Mathematician W. Timothy Gowers has a great essay called “The two cultures of mathematics“. He identifies two kinds of mathematicians (“theory builders” and “problems solvers”), shows that one kind tends to misunderstand and look down on the other, and explains in concrete detail why mathematics needs both cultures.
Question: are there good essays or books like this for other scholarly fields? Essays or books providing a taxonomy of two (or more) research “cultures” within the field, showing that those cultures often misunderstand/dislike/devalue one another, and arguing that the field actually needs all those cultures in order to reach its full potential?
I’ll also accept nominations of essays and books bemoaning a lack of diversity of research “cultures” within a scholarly field. For instance, Lee Smolin’s The Trouble With Physics, arguing that it’s been bad for fundamental physics to put all of its eggs in the basket of a single theoretical approach (string theory).
Hah, after reading the title, I immediately thought of Gower’s essay (as well as the older one by C.P. Snow on which the title is based). Now I can’t come here and comment that one!
Still within Mathematics is Freeman Dyson’s “Birds and Frogs” (https://www.ams.org/notices/200902/rtx090200212p.pdf). I’d be keen to see similar things in Ecology or other fields though!
Sharon Kingsland has to be read as a book length treatment of the cultural gap between the theoretical modellers and field ecologists as much as it is a history of ecology.
Otherwise, in ecology I think “my way is the right way to do ecology” is a much more common essay than “here’s two ways, we need both”. I can’t think of an example of the inclusive sort (Kingsland is a historian so hers doesn’t count against this comment) in ecology but plenty for the one best way (=my way). Don’t know what that says about the field of ecology, but I think its a consistent pattern.
“Otherwise, in ecology I think “my way is the right way to do ecology” is a much more common essay than “here’s two ways, we need both”. ”
Agree. That’s why I’m hoping to be pointed to essays from other fields. I want some examples to point ecologists towards.
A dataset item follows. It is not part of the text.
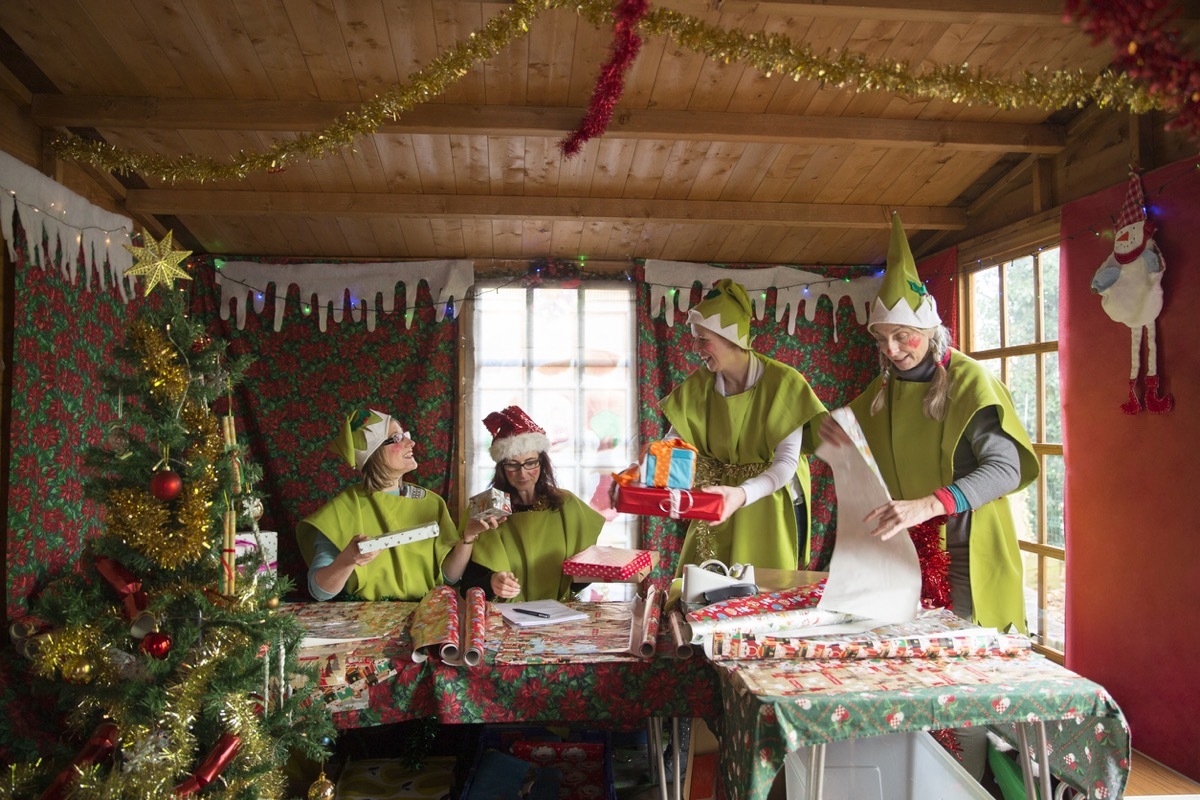 Four women dressed as Santa's elves wrap presents for Christmas.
(Though on the other hand, maybe every field has lots of “my way is the Right Way” essays? But it’s only the rare Gowers-type essays that get any traction inside or outside the field?)
I had a roommate who was a physics grad student. It seemed to me like the theoreticians and the empiricists poked fun at each other a lot, but actually knew pretty darn well that they needed each other.
About the closest I can think of in ecology is the different approaches to modelling (and a somewhat similar version of May’s strategic vs tactical modelling, although I think it is clear he thinks strategic is superior). But these are recognizing and approving of fairly small differences to my mind.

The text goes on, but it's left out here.